Systematic Review Shows How to Maintain Sexual Desire in a Relationship

Authored by realclearscience.com and submitted by Wagamaga

Maintaining sexual desire – the drive to engage in sexual activity – between partners is often integral to a successful, long-term monogamous relationship, but frequently left unspoken is how difficult this can be.

Behind closed doors, counselors help couples deal with desire problems all the time, so it's high time to bring this discussion out into the open. A new systematic review published to The Journal of Sex Research does just that.

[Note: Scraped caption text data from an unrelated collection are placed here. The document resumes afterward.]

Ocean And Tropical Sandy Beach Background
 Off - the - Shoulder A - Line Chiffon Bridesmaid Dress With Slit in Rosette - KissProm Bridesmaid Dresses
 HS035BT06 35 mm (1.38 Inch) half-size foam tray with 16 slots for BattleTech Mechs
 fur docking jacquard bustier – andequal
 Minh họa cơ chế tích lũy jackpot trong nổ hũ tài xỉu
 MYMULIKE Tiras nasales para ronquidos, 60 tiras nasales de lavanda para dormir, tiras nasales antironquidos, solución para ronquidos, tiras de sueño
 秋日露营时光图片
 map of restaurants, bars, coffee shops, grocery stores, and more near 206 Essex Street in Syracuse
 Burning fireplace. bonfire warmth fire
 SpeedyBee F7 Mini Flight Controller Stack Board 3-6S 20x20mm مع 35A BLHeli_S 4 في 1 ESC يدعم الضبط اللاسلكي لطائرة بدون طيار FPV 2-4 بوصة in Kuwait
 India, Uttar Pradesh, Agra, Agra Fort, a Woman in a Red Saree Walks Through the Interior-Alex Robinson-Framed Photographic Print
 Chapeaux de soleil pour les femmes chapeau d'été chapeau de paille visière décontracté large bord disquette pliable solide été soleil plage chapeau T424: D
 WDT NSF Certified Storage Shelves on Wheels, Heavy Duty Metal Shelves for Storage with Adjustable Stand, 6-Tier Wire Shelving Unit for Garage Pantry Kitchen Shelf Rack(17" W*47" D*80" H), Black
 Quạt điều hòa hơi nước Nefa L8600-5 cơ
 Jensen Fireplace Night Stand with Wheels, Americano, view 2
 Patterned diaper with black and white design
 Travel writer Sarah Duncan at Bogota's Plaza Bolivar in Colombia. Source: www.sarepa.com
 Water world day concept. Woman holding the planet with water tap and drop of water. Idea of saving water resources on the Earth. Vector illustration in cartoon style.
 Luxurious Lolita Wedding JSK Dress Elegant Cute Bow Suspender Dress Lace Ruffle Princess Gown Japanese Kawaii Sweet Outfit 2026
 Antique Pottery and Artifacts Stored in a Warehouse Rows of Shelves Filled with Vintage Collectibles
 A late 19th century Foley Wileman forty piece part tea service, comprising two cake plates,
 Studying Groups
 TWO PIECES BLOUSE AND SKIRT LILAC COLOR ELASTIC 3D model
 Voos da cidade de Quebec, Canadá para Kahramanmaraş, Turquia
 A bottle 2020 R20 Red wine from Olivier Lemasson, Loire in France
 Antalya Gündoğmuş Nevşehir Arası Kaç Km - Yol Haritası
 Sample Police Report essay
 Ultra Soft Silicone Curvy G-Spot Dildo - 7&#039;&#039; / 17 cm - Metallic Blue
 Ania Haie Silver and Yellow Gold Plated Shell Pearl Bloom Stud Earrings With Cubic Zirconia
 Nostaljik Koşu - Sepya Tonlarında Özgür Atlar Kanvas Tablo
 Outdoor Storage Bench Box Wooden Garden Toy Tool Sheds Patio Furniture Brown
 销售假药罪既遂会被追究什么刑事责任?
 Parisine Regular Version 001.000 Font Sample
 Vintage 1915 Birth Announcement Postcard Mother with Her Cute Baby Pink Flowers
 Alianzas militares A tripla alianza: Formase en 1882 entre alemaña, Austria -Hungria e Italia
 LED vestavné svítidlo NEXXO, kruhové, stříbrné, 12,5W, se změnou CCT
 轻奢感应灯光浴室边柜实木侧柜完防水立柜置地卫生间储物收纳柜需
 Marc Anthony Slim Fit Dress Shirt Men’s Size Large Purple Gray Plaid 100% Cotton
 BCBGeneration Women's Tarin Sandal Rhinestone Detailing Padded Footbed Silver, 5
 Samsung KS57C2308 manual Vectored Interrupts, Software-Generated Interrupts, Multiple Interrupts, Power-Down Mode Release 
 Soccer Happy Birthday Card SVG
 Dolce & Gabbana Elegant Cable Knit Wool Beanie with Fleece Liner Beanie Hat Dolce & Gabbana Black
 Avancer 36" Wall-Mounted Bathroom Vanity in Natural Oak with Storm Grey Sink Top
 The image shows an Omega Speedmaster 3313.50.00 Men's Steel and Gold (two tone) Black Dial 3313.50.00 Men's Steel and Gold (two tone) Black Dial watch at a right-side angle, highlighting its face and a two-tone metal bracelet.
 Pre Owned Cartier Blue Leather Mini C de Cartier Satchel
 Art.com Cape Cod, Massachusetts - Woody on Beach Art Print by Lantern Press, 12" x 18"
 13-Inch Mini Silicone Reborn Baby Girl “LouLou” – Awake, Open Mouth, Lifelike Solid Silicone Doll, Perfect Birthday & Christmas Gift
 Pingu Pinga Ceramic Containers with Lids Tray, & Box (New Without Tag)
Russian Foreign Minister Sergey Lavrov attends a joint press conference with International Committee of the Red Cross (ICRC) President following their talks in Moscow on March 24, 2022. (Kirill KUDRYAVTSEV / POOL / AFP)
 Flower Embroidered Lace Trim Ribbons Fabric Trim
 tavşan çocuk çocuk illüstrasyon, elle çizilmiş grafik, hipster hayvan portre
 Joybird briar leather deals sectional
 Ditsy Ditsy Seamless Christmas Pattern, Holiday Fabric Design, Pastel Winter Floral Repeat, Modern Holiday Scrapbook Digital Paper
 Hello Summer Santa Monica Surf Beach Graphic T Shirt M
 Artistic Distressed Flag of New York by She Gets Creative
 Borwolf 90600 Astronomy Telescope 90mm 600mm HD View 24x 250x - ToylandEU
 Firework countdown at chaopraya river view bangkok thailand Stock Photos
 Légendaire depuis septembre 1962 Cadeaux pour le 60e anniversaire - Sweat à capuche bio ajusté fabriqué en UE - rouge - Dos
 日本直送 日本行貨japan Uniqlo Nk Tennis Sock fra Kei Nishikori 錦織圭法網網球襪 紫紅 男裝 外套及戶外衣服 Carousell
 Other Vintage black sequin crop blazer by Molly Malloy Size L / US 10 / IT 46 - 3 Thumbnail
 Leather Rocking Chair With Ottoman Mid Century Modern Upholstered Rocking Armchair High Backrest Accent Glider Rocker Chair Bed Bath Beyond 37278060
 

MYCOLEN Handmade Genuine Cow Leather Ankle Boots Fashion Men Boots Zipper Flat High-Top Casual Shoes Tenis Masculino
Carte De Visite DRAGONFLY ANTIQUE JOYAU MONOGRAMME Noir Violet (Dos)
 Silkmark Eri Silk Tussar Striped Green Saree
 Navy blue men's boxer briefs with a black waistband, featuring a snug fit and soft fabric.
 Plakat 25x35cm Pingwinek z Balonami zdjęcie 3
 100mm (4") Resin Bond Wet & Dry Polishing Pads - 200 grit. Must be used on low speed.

Eastern Kentucky University researchers Kristen Mark and Jullie Lasslo "systematically identified peer-reviewed, English-language articles that focused on the maintenance of sexual desire" in relationships. The duo's exhaustive search led them to 64 articles, from which they distilled several recommendations that can help couples keep desire alive for decades.

Keep Realistic Expectations. Understanding that desire and sexual frequency will increase and decrease depending upon life circumstances, health, and a host of other factors prevents the build-up of negative feelings that erode sexual desire completely.

Nurture Mutual Attraction. Studies show that partners must both feel attractive and be attracted to their significant others. This encompasses emotional and physical facets. Emotionally, confidence and attentiveness factor most into attraction. Proper diet and exercise, grooming, and clothing choices can foster physical attractiveness. Above all, communicate honestly about what you and your partner find attractive, as attraction differs for everyone.

Maintain Autonomy. Don't be "attached at the hip." Feel free to engage in social activities without your partner. Keep your own identity and nurture friendships outside of the relationship.

Manage Stress and Fatigue. Get adequate sleep, exercise regularly, and maintain a healthy work-life balance. Sometimes, stress and fatigue cannot be avoided, so it's important to talk to your partner and be understanding of each other's situation.

Be Responsive to Your Partner. Invest in the emotional and physical relationship. Respond to your partner in a timely fashion and be attentive to their requests. When it comes to sex, put in effort for your partner. Sex columnist Dan Savage summarizes this with the acronym GGG, which stands for "good, giving, and game", meaning one should strive to be good in bed, giving "equal time and equal pleasure" to one's partner, and game "for anything – within reason".

Communicate. While really a no-brainer, communication, or rather, a lack thereof, underlies most relationship problems. Speaking openly and honestly with your partner about sexual wishes or problems is necessary to maintain desire.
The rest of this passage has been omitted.